The great pond is opened to lower nitrogen levels, raise salinity through the exchange of brackish pond waters with high-quality offshore waters, and allow entry of marine species including herring, blue crabs and other species. The opening followed a similar operation at Sesachacha Pond on April 4 (which closed up quickly and was reopened by the town last Thursday as well).
Hummock Pond covers more than 220 acres of the island, with an average depth of eight feet.
“More than a mile long, but largely a narrow pond running northeast-southwest, Hummock Pond, which includes Head of Hummock Pond connected to it by a ditch, is an outwash pond extending from the middle of the western portion of Nantucket down to the ocean with a barrier beach in front of it,” according to the Nantucket Pond Coalition. “Prior to 1978, Hummock Pond formed a hook-shaped water body, but the ocean storm, part of the Blizzard of 1978, hacked off the westside of this pond known as Clark Cove into its own pond, now separated from Hummock by beach, dunes and the ocean end of Sanford Farm’s Ram Pasture.“
the colors of the Hummock Pond opening
— Nantucket Current (@ACKCurrent) April 10, 2026
The town’s Natural Resources Department opened Hummock Pond to the Atlantic Ocean on Thursday.
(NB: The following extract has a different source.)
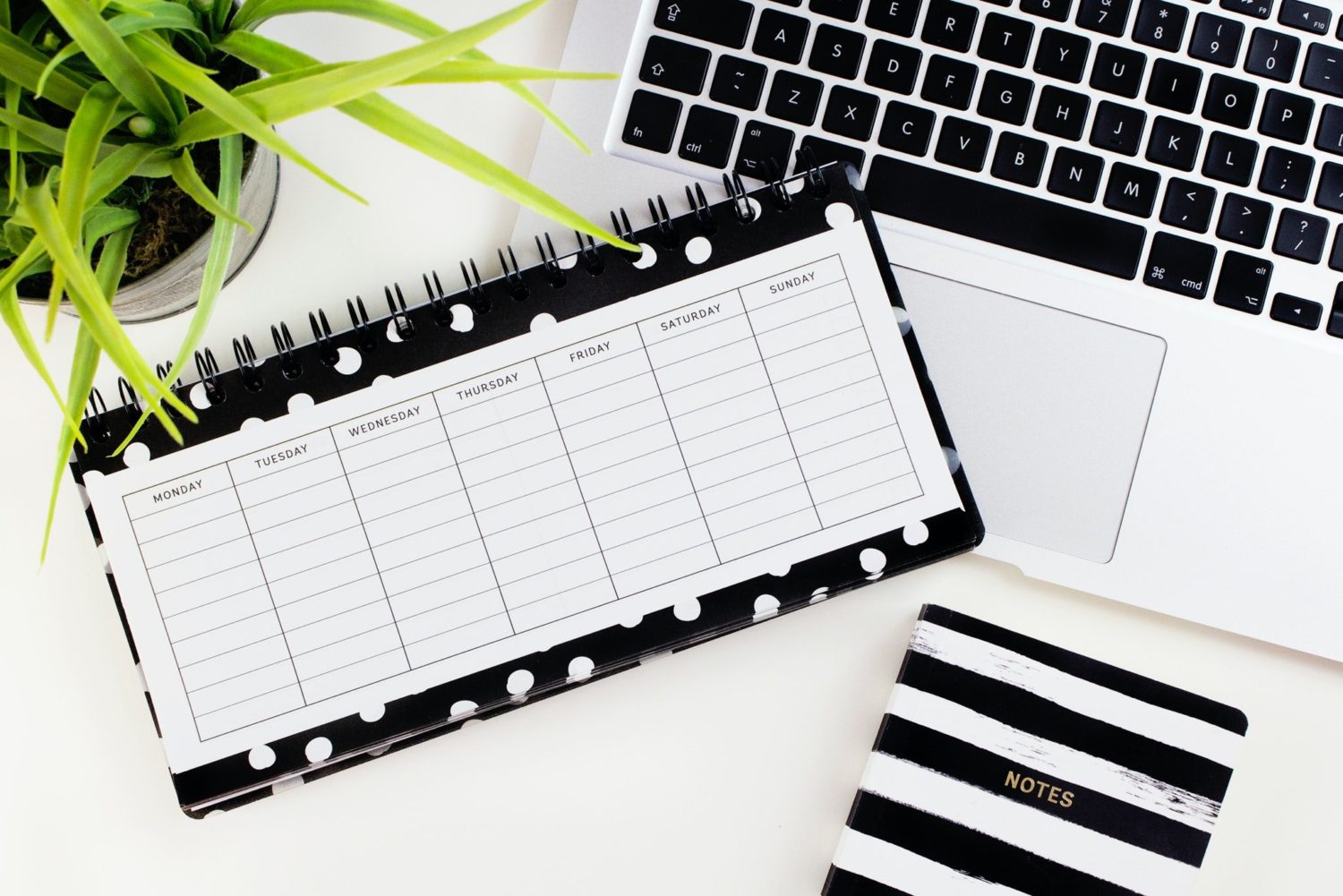 match your content to the day of the week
The great pond is opened twice annually to lower nitrogen levels, raise salinity through the exchange of brackish pond waters with high… pic.twitter.com/Dl98DJveQx
“Hummock Pond and its head are classified as coastal salt ponds. Both are considered impaired or, eutrophic, with Head of Hummock labeled as severely impaired," according to the coalition. "As fresh/brackish ponds, they support a variety of wildlife including painted and snapping turtles, American eels, blueback herring, chain pickerel, sunfish, crappy, and small-mouth bass. Mute swans and several species of ducks breed and raise young on the edges of these ponds. There are two osprey-nesting poles where pairs of ospreys nest almost every spring and great blue herons, great egrets, little egrets and black-crowned night herons work the shoreline shallows for small fish.”